Ülkelerindeki iç savaş nedeniyle ülkelerini terk ederek
Türkiye’ye gelen Suriyelilerin bölgeye yansımaları düzenlenen
panelde tartışmaya açıldı.
Konrad Adenauer Vakfı’nın Hatay Gazeteciler Cemiyeti’nin ev
sahipliğinde gerçekleştirdiği organizasyon ile Suriye'de yaşanan iç
savaşın etkilediği bölge halkının yaşadığı travmalar ve yansımaları
masaya yatırıldı.
Konrad Adenauer Stiftung Türkiye Temsilcisi Colin Dürkop, Suriye'de
rejime karşı başlatılan ayaklanma ile ülkenin sancılı bir sürece
girdiğini söyledi.
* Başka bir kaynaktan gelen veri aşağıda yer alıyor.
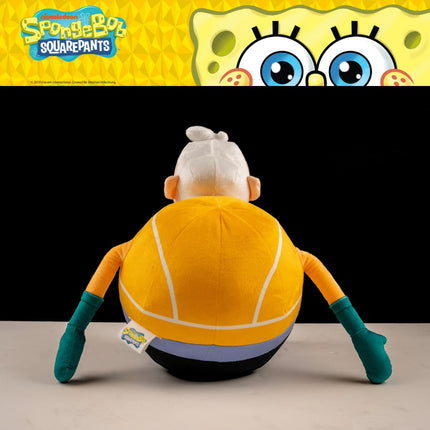 Franco Collectibles Spongebob Mermaid Man Bed Set, Super Soft and Cozy Decorative Pillow (Official Licensed Product)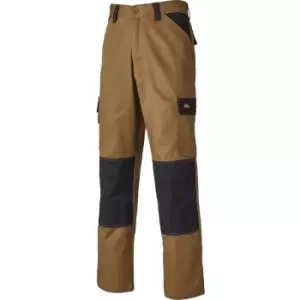 Dickies Mens Everyday Polycotton Knee Pad Pouches Workwear Trousers 30R - Waist 30', Inside Leg 32'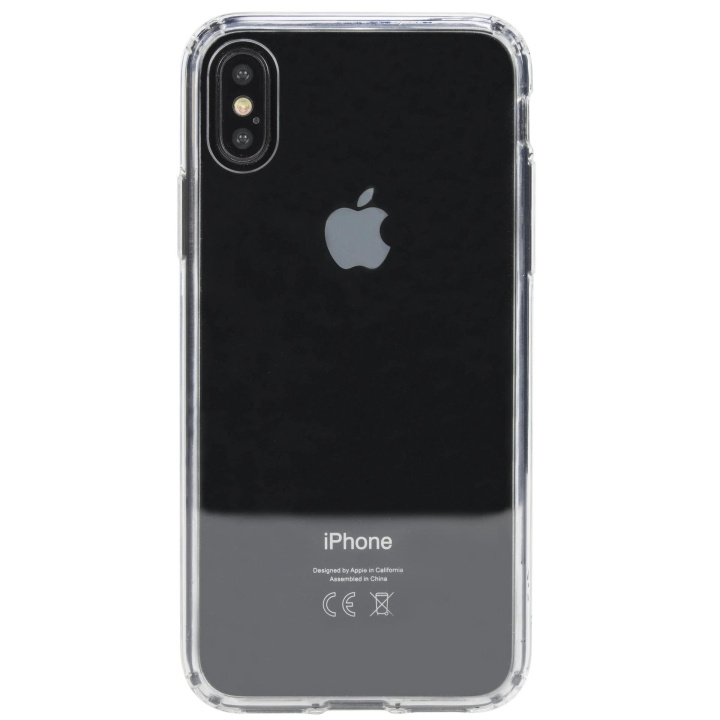 Krusell iPhone XS Max Kivik Cover, Transparent in the group SMARTPHONE & TABLETS / Phone cases / Apple / iPhone XS Max / Cases at TP E-commerce Nordic AB (C65287)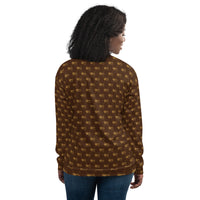 Ankh Awakening Women's Bomber Jacket - ABJ-06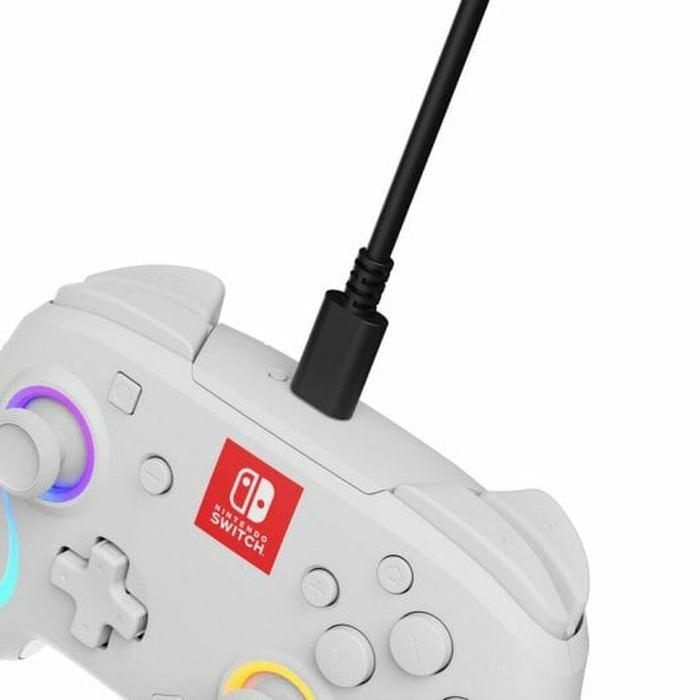 Contrôle des jeux PDP Blanc Nintendo Switch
Bu süreçten en fazla sivil halkın zarar
gördüğünün altını çizen Dürkop, çatışmalarda zarar gören
Suriyelilere kapılarını açan Türklerin ekmeğini ve suyunu
paylaştığını söyledi.Ayaklanma ile başlayan sürecin iç savaşa
dönüşmesi ile birlikte Türkiye'ye gelen Suriyeli sayısının gün
geçtikçe arttığına da işaret eden Dürkop sürecin zorlukları da
beraberinde getirdiğini belirtti.
Hatay Gazeteciler Cemiyeti Başkanı Ahmet Yetişen ise Suriyelilerin
Hatay nüfusunun yüzde 20'sini kapsadığını hatırlattı.
Bölgelerindeki iç savaş nedeniyle ellerinde ne varsa ülkelerinde
bırakıp gelen bu insanların aç kalmamak için ‘ucuz işçilik’ adı
altında çalışmaya başladığına işaret eden Yetişen "Suriyeliler aç
kalmamak için sosyal güvencesi olmayan işlerde daha az ücretle
çalışıyor. Buda Hataylı gençlerin işsiz kalmasına neden oluyor."
dedi.
"Türkiye Suriye politikası ve göçmenler" başlığı adı bir konuşma
yapan Doç. Dr. Murat Erdoğan ise özellikle devletin Suriyelilere
yardım noktasındaki karmaşanın önüne geçmesi gerektiğini
söyledi.Ülkelerindeki savaştan kaçarak Türkiye genelindeki çeşitli
çadır ve konteyner kentlere yerleşen Suriyelilerin yaşadıkları
illerdeki çalışma hayatlarına değinen Erdoğan, "Konu insani bir
sorun. Kurumsal bir karmaşa var. Yerel halk hastanelerden çok
şikayetçi. Suriyelilerin hastaneye gitme oranı yüzde üç. Kayıtsız
bir sürü insan var. Eğitimde çok ciddi sorunları var. Altyapısı
yok. Bu çocuklar okullarını bıraktılar geldiler. Türkiye’nin bu tip
göçler konusunda bir yürüyüş belirlemesi gerekiyor. Ucuz iş gücü.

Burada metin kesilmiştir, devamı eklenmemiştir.